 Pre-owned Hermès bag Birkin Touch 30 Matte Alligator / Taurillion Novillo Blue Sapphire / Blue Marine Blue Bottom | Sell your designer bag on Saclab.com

■ ■ ■ ■ ■

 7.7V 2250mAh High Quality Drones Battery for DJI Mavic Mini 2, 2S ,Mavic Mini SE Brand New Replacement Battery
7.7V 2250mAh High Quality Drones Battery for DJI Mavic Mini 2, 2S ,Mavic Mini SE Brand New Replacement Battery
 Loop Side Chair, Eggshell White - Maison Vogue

■ ■ ■ ■ ■

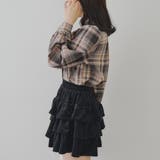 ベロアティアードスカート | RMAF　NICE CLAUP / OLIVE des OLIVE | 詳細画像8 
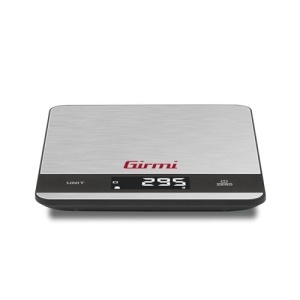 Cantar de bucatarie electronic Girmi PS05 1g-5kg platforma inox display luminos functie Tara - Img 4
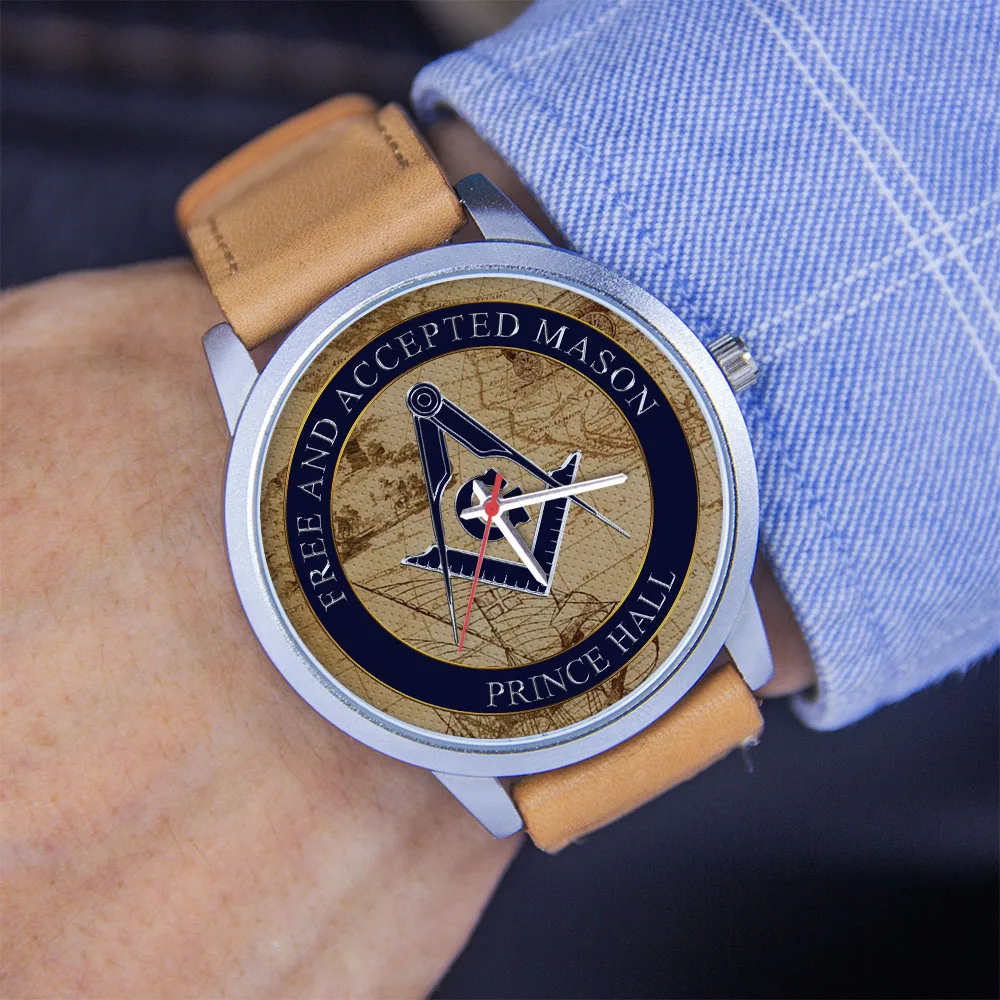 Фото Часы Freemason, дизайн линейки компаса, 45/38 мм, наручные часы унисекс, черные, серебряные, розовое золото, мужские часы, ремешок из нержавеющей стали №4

■ ■ ■ ■ ■

Output nothing but the number of lines in the data containing the string "Replacement".

* _Solution for this task_
2